A total of 2,892 patients (2,028 men, 864 women; 70.3 years old) with AF were analyzed for the respective prevalences of risk factors and medications. CHADS2 score was calculated to determine thromboembolic risk level. Women were older (P<0.001), and more frequently had heart failure (P<0.001), and hypertension (P=0.051) than men. The proportion of subjects aged 75 years or older was higher among women than among men (P<0.001). CHADS2 score was therefore significantly higher in women than in men (2.05+/-1.29 vs 1.88+/-1.33, P<0.001). Sex-related differences were not observed for the prevalence of diabetes mellitus, myocardial infarction or ischemic stroke, nor did warfarin usage differ between men and women.
Sex-related differences were observed in the risk factor profile and medications of Japanese patients with AF. CHADS2 score was higher in women than in men.

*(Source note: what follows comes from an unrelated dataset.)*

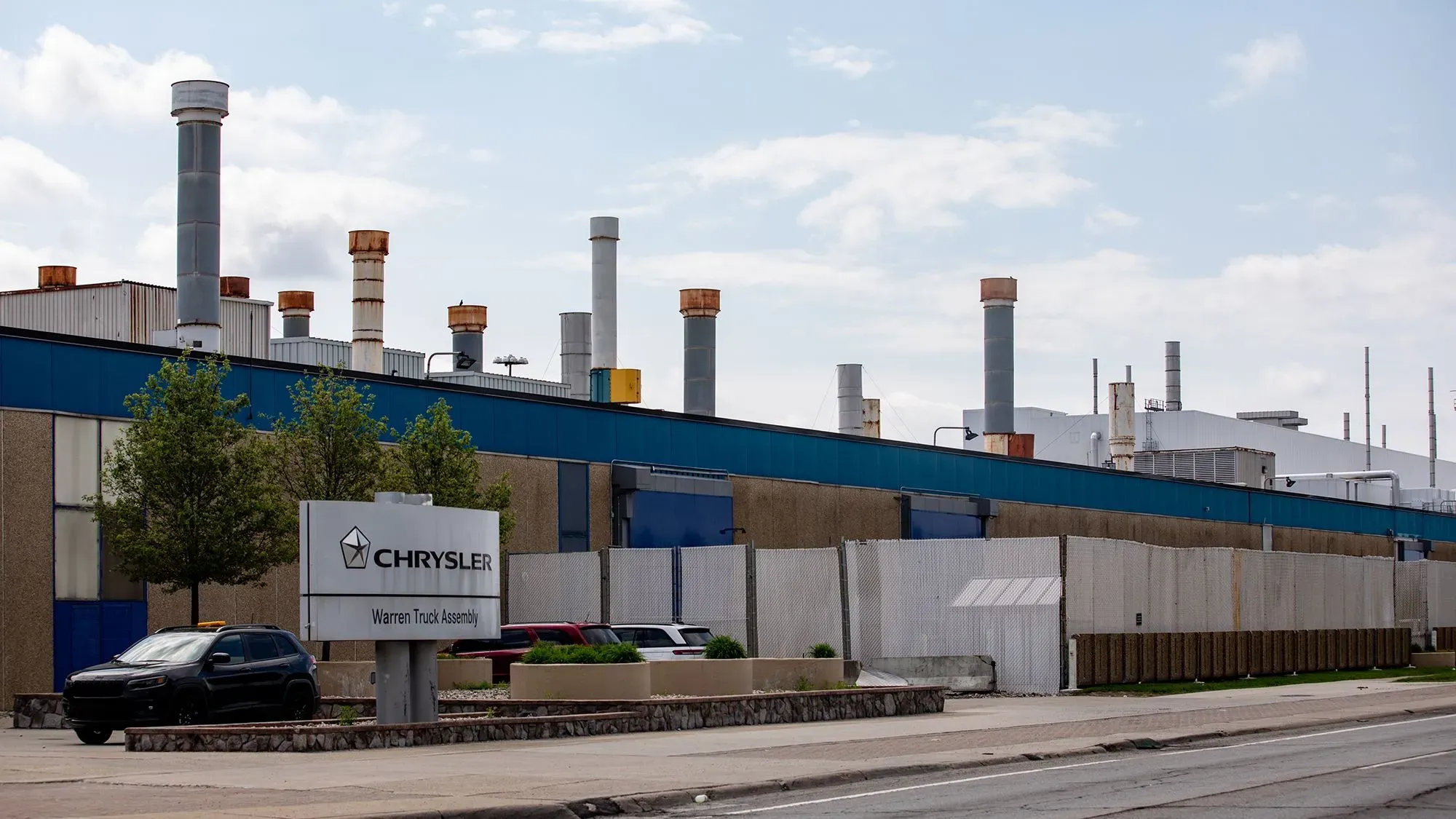 مبنى مصنع تجميع شاحنات كرايسلر في وارن، ميشيغان، حيث تأثر الإنتاج بسبب التعريفات الجمركية، مما يؤدي لتسريح مؤقت للعمال.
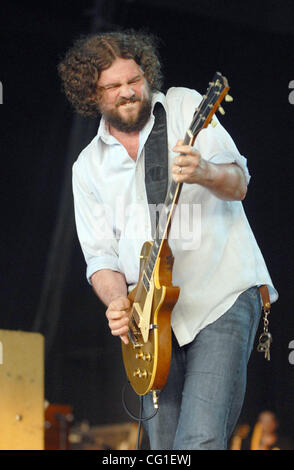 11. August 2007 Raleigh, NC; USA, Gitarrist PATTERSON Haube der Band The Drive by Truckers Leben führen da es 2007 Tour macht einen Zwischenstopp in Walnut Creek Amphitheater befindet sich in Raleigh.  Copyright 2007 Jason Moore. Obligatorische Credit: Jason Moore Stockfoto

在西方国家,男性和女性房颤患者的临床特征(包括血栓栓塞的危险因素和药物治疗)存在差异。日本房颤患者是否存在这种差异尚不清楚,因此利用 J-TRACE 数据对此问题进行了研究。
共分析了 2892 例房颤患者(2028 例男性,864 例女性;年龄 70.3 岁)的各自危险因素和药物治疗的患病率。计算 CHADS2 评分以确定血栓栓塞风险水平。女性年龄更大(P<0.001),心力衰竭(P<0.001)和高血压(P=0.051)的发生率高于男性。女性中年龄 75 岁或以上的患者比例高于男性(P<0.001)。因此,女性的 CHADS2 评分明显高于男性(2.05+/-1.29 与 1.88+/-1.33,P<0.001)。糖尿病、心肌梗死或缺血性卒中的患病率以及华法林的使用在男性和女性之间没有差异。
日本房颤患者的危险因素谱和药物治疗存在性别差异。女性的 CHADS2 评分高于男性。